§ YOUR GOAL:
Give as output the line that contains "Colorado Governor Jared Polis signed H.B.25-1207, a", followed by every remaining line of the entries, unchanged and with nothing added.

§ GIVEN ENTRIES:
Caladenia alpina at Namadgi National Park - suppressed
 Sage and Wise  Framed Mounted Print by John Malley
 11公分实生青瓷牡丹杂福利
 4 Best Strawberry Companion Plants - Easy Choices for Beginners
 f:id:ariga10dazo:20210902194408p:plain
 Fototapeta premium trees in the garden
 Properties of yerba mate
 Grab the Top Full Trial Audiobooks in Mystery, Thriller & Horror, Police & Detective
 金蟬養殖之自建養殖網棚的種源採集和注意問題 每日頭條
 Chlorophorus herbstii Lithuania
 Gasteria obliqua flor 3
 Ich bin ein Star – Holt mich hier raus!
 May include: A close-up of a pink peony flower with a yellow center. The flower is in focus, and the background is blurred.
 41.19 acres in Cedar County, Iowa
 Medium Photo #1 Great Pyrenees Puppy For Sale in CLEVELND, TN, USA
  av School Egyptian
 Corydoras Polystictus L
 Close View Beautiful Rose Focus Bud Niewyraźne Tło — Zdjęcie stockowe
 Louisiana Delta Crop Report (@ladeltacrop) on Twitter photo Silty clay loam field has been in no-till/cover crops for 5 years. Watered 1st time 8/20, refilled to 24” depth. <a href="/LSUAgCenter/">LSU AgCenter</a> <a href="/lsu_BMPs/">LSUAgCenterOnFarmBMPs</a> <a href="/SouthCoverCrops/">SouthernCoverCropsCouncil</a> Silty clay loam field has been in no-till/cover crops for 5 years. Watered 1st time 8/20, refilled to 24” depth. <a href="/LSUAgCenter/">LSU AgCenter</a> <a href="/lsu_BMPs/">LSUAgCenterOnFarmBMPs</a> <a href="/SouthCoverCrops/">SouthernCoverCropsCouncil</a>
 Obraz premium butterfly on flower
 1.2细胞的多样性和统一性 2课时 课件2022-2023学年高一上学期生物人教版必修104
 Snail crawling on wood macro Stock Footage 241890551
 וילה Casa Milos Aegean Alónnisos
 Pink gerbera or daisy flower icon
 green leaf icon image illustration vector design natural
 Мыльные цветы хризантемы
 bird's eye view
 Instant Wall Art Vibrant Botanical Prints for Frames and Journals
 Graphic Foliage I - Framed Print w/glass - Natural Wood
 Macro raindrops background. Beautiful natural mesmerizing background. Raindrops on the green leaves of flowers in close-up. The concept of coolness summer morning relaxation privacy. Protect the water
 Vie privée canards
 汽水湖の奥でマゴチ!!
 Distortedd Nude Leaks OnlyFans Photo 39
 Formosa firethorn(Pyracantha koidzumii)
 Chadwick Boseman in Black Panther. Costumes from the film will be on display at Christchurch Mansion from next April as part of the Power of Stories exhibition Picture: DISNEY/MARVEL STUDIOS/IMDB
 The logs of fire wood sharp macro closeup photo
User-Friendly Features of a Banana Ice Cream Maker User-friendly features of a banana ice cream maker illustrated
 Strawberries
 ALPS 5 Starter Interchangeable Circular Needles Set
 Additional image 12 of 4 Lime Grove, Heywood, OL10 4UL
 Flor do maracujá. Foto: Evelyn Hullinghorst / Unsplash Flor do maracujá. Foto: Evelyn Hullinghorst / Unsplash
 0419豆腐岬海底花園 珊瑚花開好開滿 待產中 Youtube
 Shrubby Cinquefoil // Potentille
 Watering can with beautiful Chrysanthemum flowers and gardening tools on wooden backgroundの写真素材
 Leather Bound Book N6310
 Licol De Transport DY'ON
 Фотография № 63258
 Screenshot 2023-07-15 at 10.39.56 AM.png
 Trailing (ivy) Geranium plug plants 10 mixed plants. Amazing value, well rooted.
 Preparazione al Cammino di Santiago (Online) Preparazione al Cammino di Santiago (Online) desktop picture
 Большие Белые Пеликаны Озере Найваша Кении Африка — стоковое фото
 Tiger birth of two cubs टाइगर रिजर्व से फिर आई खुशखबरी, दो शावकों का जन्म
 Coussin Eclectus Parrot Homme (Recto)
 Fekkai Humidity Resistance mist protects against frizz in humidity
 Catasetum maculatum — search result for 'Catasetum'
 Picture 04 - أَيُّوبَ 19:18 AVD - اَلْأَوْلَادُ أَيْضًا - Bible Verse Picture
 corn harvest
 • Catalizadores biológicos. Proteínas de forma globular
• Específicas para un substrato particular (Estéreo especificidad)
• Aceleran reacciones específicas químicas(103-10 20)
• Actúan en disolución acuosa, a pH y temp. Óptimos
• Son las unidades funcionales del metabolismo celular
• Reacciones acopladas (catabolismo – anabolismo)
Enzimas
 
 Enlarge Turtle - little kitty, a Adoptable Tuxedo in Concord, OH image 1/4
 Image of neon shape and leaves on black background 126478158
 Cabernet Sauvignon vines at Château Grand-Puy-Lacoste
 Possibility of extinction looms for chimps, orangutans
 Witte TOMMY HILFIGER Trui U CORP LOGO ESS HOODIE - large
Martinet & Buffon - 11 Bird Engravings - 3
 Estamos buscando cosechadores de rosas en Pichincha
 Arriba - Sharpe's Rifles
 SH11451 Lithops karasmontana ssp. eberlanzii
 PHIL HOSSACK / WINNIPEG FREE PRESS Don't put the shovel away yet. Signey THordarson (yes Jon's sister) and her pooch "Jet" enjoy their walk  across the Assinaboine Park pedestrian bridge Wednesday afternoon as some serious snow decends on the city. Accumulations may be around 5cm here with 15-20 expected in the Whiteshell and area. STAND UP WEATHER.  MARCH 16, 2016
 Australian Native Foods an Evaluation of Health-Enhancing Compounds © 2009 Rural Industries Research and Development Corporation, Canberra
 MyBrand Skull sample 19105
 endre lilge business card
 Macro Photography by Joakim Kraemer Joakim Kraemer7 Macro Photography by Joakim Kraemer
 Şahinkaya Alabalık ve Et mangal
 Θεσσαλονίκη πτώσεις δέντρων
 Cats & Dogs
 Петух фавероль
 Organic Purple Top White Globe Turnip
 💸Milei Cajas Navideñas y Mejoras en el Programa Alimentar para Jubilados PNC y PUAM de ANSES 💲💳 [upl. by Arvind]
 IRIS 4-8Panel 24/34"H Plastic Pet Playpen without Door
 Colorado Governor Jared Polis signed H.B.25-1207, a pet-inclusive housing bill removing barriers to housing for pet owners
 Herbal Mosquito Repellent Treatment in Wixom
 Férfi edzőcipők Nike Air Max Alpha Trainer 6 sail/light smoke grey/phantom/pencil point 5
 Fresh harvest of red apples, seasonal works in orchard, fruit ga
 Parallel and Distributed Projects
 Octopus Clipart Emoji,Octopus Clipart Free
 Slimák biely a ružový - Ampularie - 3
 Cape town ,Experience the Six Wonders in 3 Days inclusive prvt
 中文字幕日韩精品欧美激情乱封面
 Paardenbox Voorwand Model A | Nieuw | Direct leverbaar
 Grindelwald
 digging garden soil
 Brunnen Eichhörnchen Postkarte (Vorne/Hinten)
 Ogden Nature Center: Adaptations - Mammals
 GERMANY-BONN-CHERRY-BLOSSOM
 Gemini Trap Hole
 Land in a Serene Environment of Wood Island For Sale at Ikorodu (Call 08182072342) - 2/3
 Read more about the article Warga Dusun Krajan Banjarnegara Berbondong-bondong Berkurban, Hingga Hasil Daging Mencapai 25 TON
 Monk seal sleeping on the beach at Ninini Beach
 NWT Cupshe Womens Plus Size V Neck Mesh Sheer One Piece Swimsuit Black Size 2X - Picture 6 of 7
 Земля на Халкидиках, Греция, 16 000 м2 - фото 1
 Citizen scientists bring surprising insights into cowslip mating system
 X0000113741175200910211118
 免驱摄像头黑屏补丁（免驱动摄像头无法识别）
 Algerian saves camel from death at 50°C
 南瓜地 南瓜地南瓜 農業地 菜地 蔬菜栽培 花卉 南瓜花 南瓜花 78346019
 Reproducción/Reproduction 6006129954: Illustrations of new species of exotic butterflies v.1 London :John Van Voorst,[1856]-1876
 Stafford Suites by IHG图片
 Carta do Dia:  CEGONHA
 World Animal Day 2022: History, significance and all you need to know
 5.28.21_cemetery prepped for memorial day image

§ ANSWER SPACE:
 Colorado Governor Jared Polis signed H.B.25-1207, a pet-inclusive housing bill removing barriers to housing for pet owners
 Herbal Mosquito Repellent Treatment in Wixom
 Férfi edzőcipők Nike Air Max Alpha Trainer 6 sail/light smoke grey/phantom/pencil point 5
 Fresh harvest of red apples, seasonal works in orchard, fruit ga
 Parallel and Distributed Projects
 Octopus Clipart Emoji,Octopus Clipart Free
 Slimák biely a ružový - Ampularie - 3
 Cape town ,Experience the Six Wonders in 3 Days inclusive prvt
 中文字幕日韩精品欧美激情乱封面
 Paardenbox Voorwand Model A | Nieuw | Direct leverbaar
 Grindelwald
 digging garden soil
 Brunnen Eichhörnchen Postkarte (Vorne/Hinten)
 Ogden Nature Center: Adaptations - Mammals
 GERMANY-BONN-CHERRY-BLOSSOM
 Gemini Trap Hole
 Land in a Serene Environment of Wood Island For Sale at Ikorodu (Call 08182072342) - 2/3
 Read more about the article Warga Dusun Krajan Banjarnegara Berbondong-bondong Berkurban, Hingga Hasil Daging Mencapai 25 TON
 Monk seal sleeping on the beach at Ninini Beach
 NWT Cupshe Womens Plus Size V Neck Mesh Sheer One Piece Swimsuit Black Size 2X - Picture 6 of 7
 Земля на Халкидиках, Греция, 16 000 м2 - фото 1
 Citizen scientists bring surprising insights into cowslip mating system
 X0000113741175200910211118
 免驱摄像头黑屏补丁（免驱动摄像头无法识别）
 Algerian saves camel from death at 50°C
 南瓜地 南瓜地南瓜 農業地 菜地 蔬菜栽培 花卉 南瓜花 南瓜花 78346019
 Reproducción/Reproduction 6006129954: Illustrations of new species of exotic butterflies v.1 London :John Van Voorst,[1856]-1876
 Stafford Suites by IHG图片
 Carta do Dia:  CEGONHA
 World Animal Day 2022: History, significance and all you need to know
 5.28.21_cemetery prepped for memorial day image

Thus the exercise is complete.